Спустя почти двести лет после своего победоносного воцарения в русской культуре "Евгений Онегин" опять стал новостью, предметом яростных споров. В Россию приехал один из самых популярных в мире балетов.

Балет был придуман и поставлен хореографом Джоном Крэнко в 1965 в Штутгарте. В 1972 году он был показан в Советском Союзе, принят неоднозначно, довольно резкой критике подверглись несоответствия роману и поверхностные приёмы в изображении «русской жизни». С тех самых пор «Онегин» у нас в стране не шёл, и попытки поставить его не приводили к успеху, пока сторонам - правообладателям и Большому театру – не удалось достичь согласия. Так что событие это долгожданное. Отрадно, что говорить следует не о гастролях, а о включении балета в репертуар театра и подготовке собственных исполнителей.

Музыка балета сконструирована из многих произведений Чайковского, оркестрованных композитором Куртом-Хайнцем Штольце. Фабула сохранена той же, что и у Пушкина. Действующие лица: Онегин, Ленский, Гремин, Татьяна с Ольгой, вдова Ларина, няня. Кажется очевидным, что балет не призван и не может передать средствами танца содержание «энциклопедии русской жизни». Тем не менее, зритель жаждет не только симфонии чувств, но и постижения увиденного разумом. И вот тут-то нас и поджидает «когнитивный диссонанс», вызвавший бурю страстей!

Прежние претензии к спектаклю возникли и теперь: поведение и манеры действующих лиц не совсем те, что у Пушкина в романе и у Чайковского в опере.
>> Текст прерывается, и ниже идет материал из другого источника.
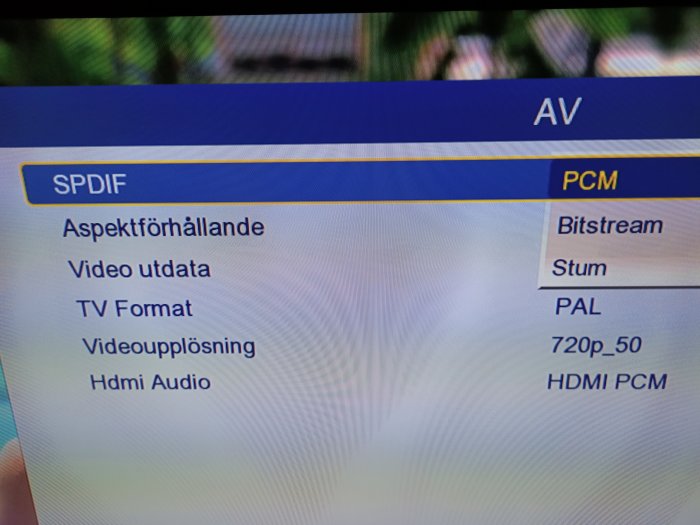 TV-skärm som visar ljudinställningar med alternativen SPDIF PCM och AV Bitstream markerade.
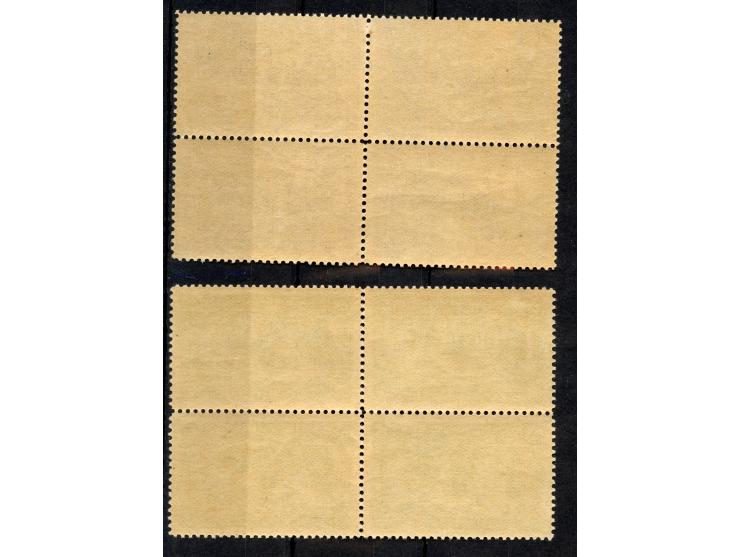 2 pa. – 200 ghr. in blocks of 4, unused with o.g.. few perfs split and strengthened by hinges, but generally very fine. A sca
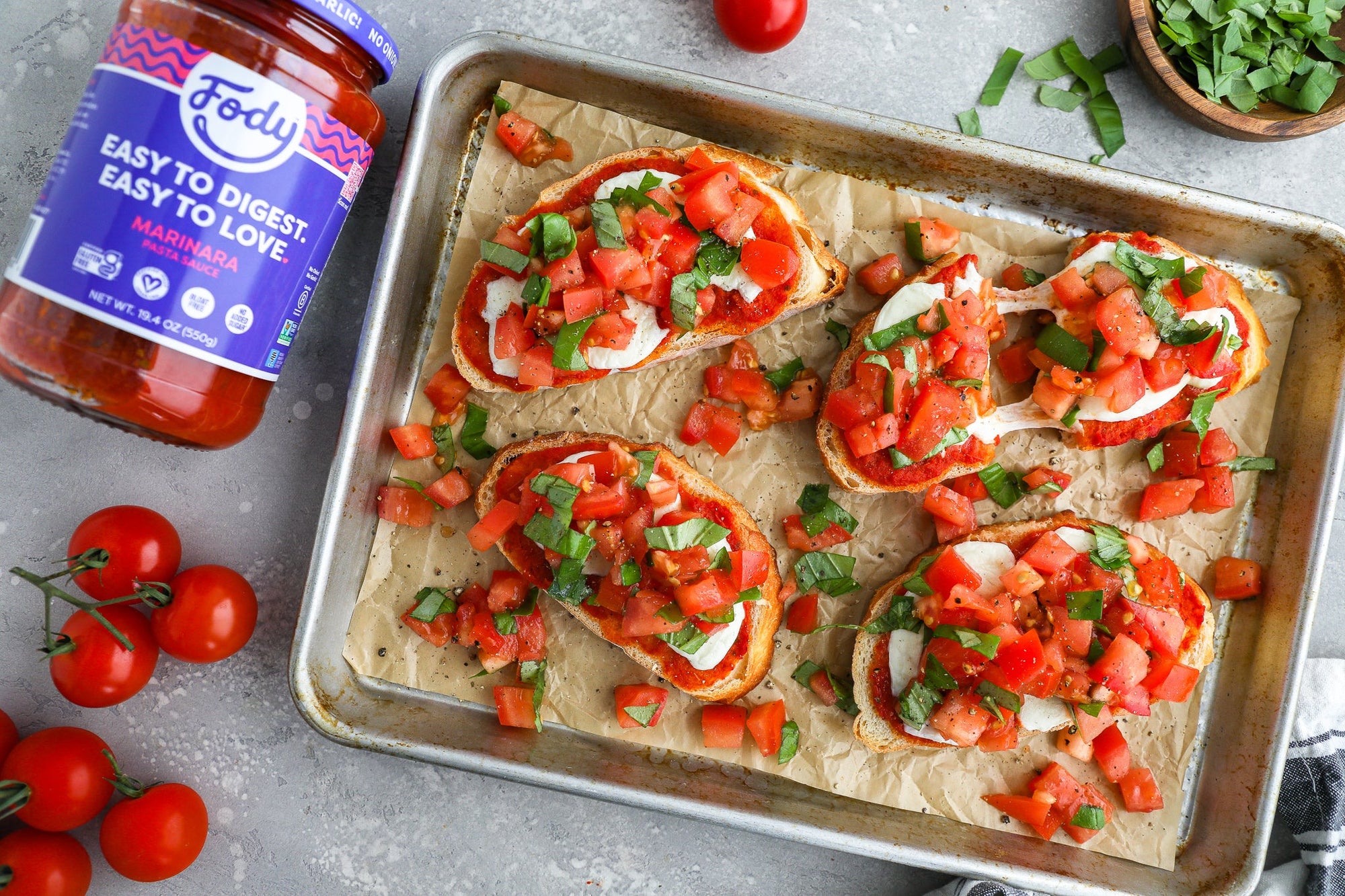 Cheesy bruschetta toast is an easy, gut-friendly snack you can enjoy anytime!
Девушки гадают на суженого летом среди бела дня, Онегин рвёт письмо Татьяны у неё на глазах, Ленский даёт пощёчину Онегину, на дуэли присутствуют сёстры Ларины, пытающиеся отговорить дуэлянтов, русские крестьяне одеты в нечто, более подходящее для немецкого танца «kazachok», а сам танец скорее балканский[?] Можно указать ещё на множество «мелочей», вызывающих широкий спектр реакций публики: от досады до объявления войны авторам и исполнителям. Однако хотел ли автор оскорбить, опростить чужую национальную культуру – а так бывает довольно часто, – или же он «просто так её видит», на таком уровне её знает, но делает всё это с любовью и уважением к первоисточнику? Полагаю, что балет сделан из чувства искренней любви своих создателей и к Пушкину, и к Чайковскому и к России – да, вымышленной России, а разве в искусстве есть другая? Придираться есть к чему, но – незачем. Надо не придираться, а размышлять.
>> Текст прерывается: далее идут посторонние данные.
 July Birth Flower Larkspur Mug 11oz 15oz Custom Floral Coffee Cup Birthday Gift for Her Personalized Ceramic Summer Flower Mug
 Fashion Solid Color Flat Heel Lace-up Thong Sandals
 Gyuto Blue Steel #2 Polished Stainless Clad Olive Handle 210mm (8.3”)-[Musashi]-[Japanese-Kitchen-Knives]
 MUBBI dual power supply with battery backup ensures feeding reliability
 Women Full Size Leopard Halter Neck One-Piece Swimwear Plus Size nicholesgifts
Например, размышлять о том, почему почти за двести лет существования романа Пушкина никто в России не создал по нему балета? Ведь сюжет «Онегина» до очевидности хореографичен, эмоциональный мир героев, переживаемые ими конфликты сами просятся быть рассказанными языком классического танца! Ответа не отыскать, но замечу, что эта тема не закрыта и хотелось бы увидеть и другое хореографическое прочтение, услышать, быть может, иную музыкальную композицию или даже музыку, написанную заново.
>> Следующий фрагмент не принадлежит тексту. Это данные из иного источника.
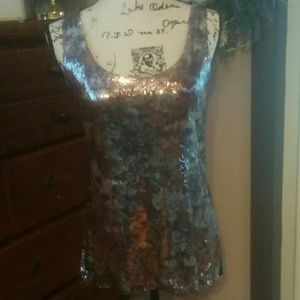 INC Sequin racerback tank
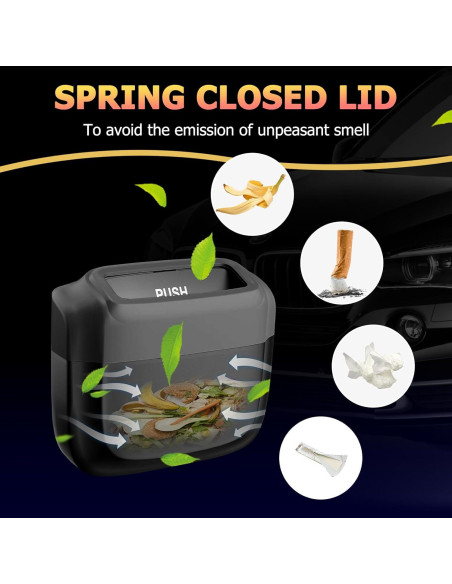 Basurero para Auto MOTORBUDDY con Tapa y 30 Bolsas - Negro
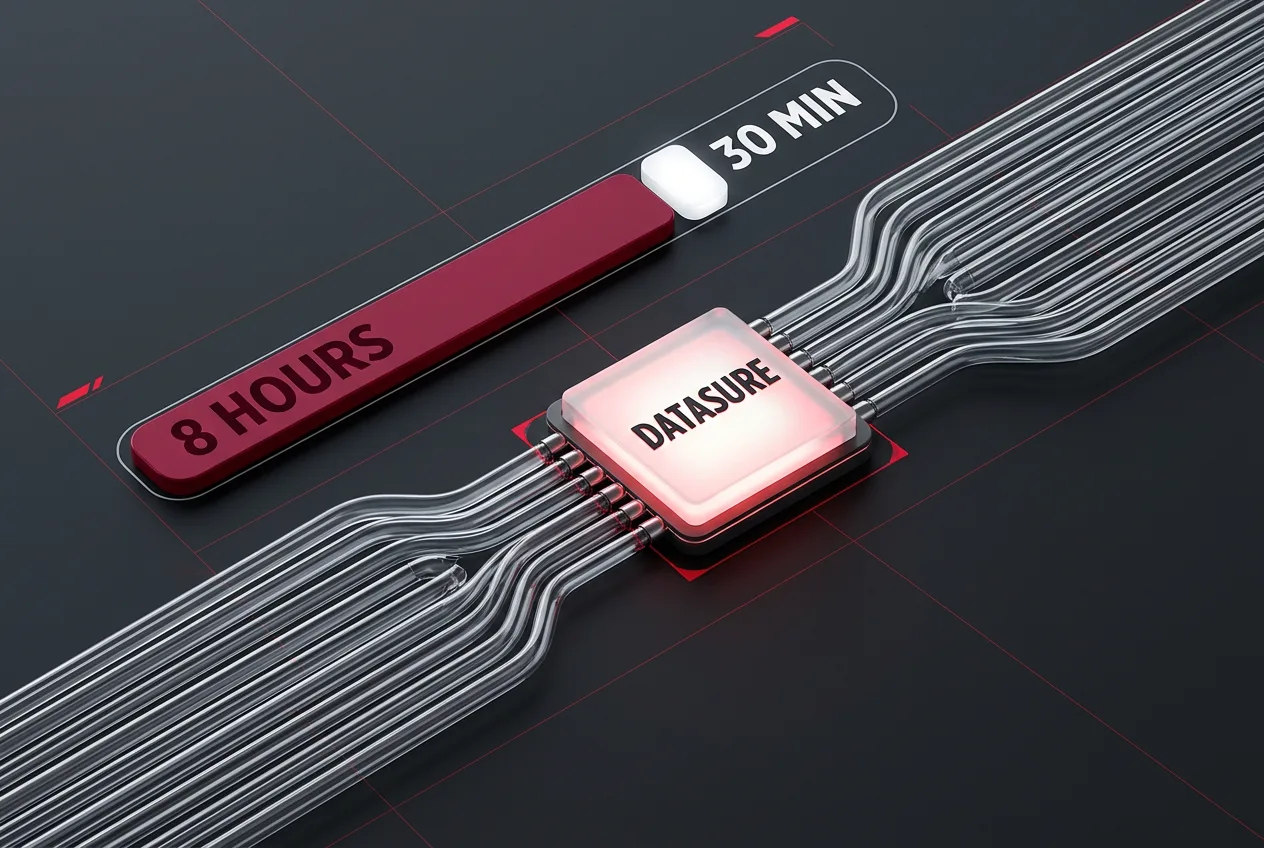 Infographic showing Nielsen DataSure reducing anomaly investigation time from 8 hours to 30 minutes.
Не забудем, что наши ожидания идут от Пушкина, от огромной суммы знаний, ощущений, эмоций, которые мы несём в себе как часть органически связанной с нами русской культуры во всей её полноте, знакомой нам и по книгам, и по кинофильмам, и по картинам, и по рассказам, да и по некой невидимой «генетической» связи, по тому, что мы обозначаем словами «культурный код». Джон Крэнко – как и, например, зарубежные экранизаторы нашей классической литературы, – прикасаются к русской культуре снаружи, она их восхищает, обжигает, привлекает, они меняются под её воздействием, но исходный «код» у них свой, и продукт такого слияния тоже будет особый. Когда-нибудь у этого произведения появятся иные интерпретаторы, и все раздражающие мелочи будут, при желании, безболезненно устранены. А пока у нас имеется только этот вариант. Но, как показала работа разных составов в линейке спектаклей Большого театра, даже в рамках заданного канона могут быть рождены отличающиеся образы.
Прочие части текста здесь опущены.